The Albemarle County Board of Supervisors took the first steps Wednesday toward selecting projects the county will submit for funding to the Virginia Department of Transportation later this year.
“Smart Scale is a grant program that provides state and federal funds for design, engineering, right-of-way and construction of transportation projects throughout the state,” said Kevin McDermott, the county’s transportation planner.
The General Assembly passed legislation in 2014 that required VDOT to establish a process by which all projects would be ranked relative to each other on how well they address congestion, promote economic development and other metrics.
“Smart Scale was very successful for Albemarle County last [round],” said Joel DeNunzio, the administrator of VDOT’s Charlottesville office. “We had 11 projects in the Culpeper District, and five of those were in Albemarle.”
Those projects were: a $5.8 million roundabout at the intersection of U.S. 250 and Route 151 near Afton; a $4 million improvement at the intersection of Proffit Road and Route 20; a $18.4 million upgrade at Interstate 64’s Exit 124 at Shadwell to create a “diverging diamond” like the one at Zion Crossroads; a $2.9 million upgrade for an additional lane at Interstate 64’s Exit 118 at U.S. 29; and $3.8 million for a connector road between Rio Mills Road and Berkmar Drive Extended.
Despite making several applications, the county received no funding in the first year of Smart Scale.
This year, VDOT will take a third round of applications. Unlike in the past two rounds, localities with populations under 200,000 can only submit four projects.
“Last time, the county submitted eight projects, so we have to be really focused now on making sure we get our priority projects in there,” McDermott said, though the Charlottesville-Albemarle Metropolitan Planning Organization can submit four projects of its own.
McDermott said he would ask the board to make its decision on what county projects to submit by the end of May to make the final Smart Scale deadline of August.
One potential project would see improvements at the intersection of Route 20 and U.S. 250 just to east of Free Bridge.
“It was our No. 1 priority in the county,” McDermott said.
Another priority is to upgrade the intersection of Routes 20 and 53 near Piedmont Virginia Community College. Another would replace a traffic signal at the intersection of East Rio Road and Pen Park Road with a roundabout.
“This was something that VDOT’s traffic engineering team had looked at and came to us with,” McDermott said. “Improvements to that section of road have been a priority, but we didn’t know what to do. They looked at it and saw a roundabout could work.”
Another project would be to upgrade the intersection of Fontaine Avenue and U.S. 29.
“We’ve talked about the potential for a diverging diamond in that area that would improve the operations,” McDermott said.
That project would be near a Smart Scale project in Charlottesville that would improve the streetscape on Fontaine within the city limits.
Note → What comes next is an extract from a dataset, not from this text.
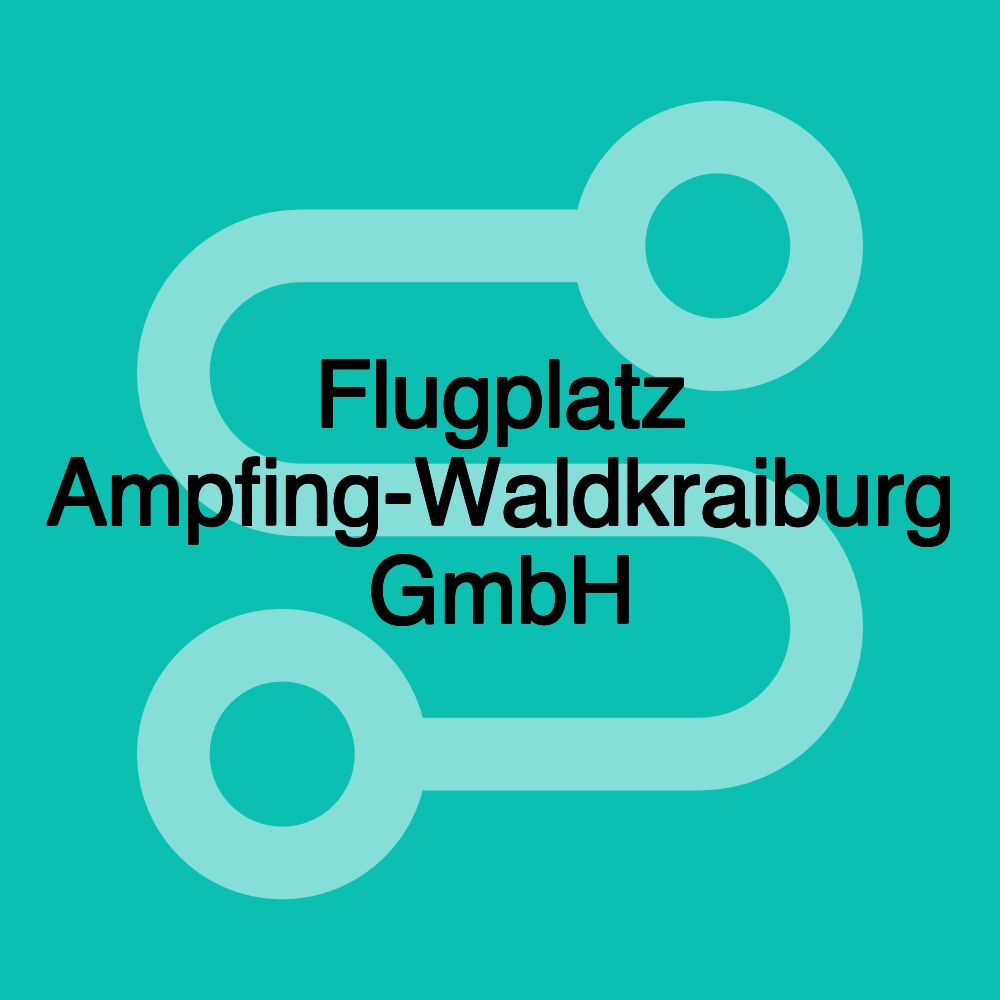 Flugplatz Ampfing-Waldkraiburg GmbH Flugplatz Ampfing-Waldkraiburg GmbH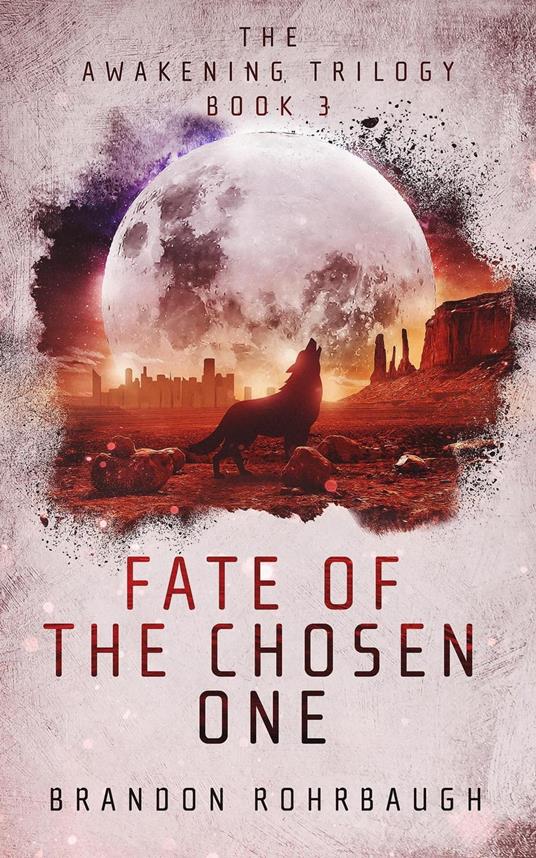 Fate of The Chosen One - BRANDON ROHRBAUGH - ebook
Another potential project would be to purchase right-of-way for a park and ride on Pantops that would replace space in the Pantops Shopping Center that had been made available for that purpose. The Great Eastern Management Co. recently withdrew permission at the request of the Albemarle County Police Department.
Other options could include a realignment of Hillsdale Drive’s intersection with Rio Road, the extension of a shared-use path between Carrsbrook Drive and Polo Grounds Road and improvements to the intersection of Frays Mill Road and U.S. 29.
McDermott said the extension of the shared-use path could help build part of the Northtown Trail, a proposed pathway for commuters to either walk or cycle from Hollymead Town Center to downtown Charlottesville.
Another new rule is that any projects that utilize proffered road improvements from developers cannot be considered for Smart Scale. That means the county cannot submit the extension of Berkmar Drive Extended through to Lewis and Clark Drive because the University of Virginia Foundation agreed to build part of that road. McDermott said supervisors could vote to remove that proffer from the project.
McDermott also briefed supervisors on other transportation planning projects underway including an internal road network for the planned redevelopment of Southwood, the implementation of various projects funded through the neighborhood improvement funding initiative and a pedestrian link between Crozet and Charlottesville.
“There’s an advocacy group that we’re working with that’s looking to advance the Three Notch’d Trail project following the U.S. 250 alignment,” McDermott said. “I think ideally there has been talk about having a paved shared-use path that generally connects Crozet to the city but I think at this time it may be something like a walking path that would note the historical significance of that trail.”
McDermott has been on the job since summer 2016.
“We’re so glad we have a transportation person,” said board Chairwoman Ann H. Mallek.
The county is also working with the city to study potential new alignments for the intersection of U.S. 29 and Hydraulic Road. That project will likely also be included in a Smart Scale submission.
DeNunzio said he is hoping that several of the Smart Scale projects can be bundled together into one contract in order to save money.
However, a new roundabout at U.S. 250 and Route 240 in Crozet at Mechum’s Trestle will have to be a standalone project due to environmental issues at the site. That project was funded through VDOT’s Highway Safety Improvement Program.
“Crash data shows 28 crashes at this location over the past five years, 10 of which were injury crashes,” reads the application for the project.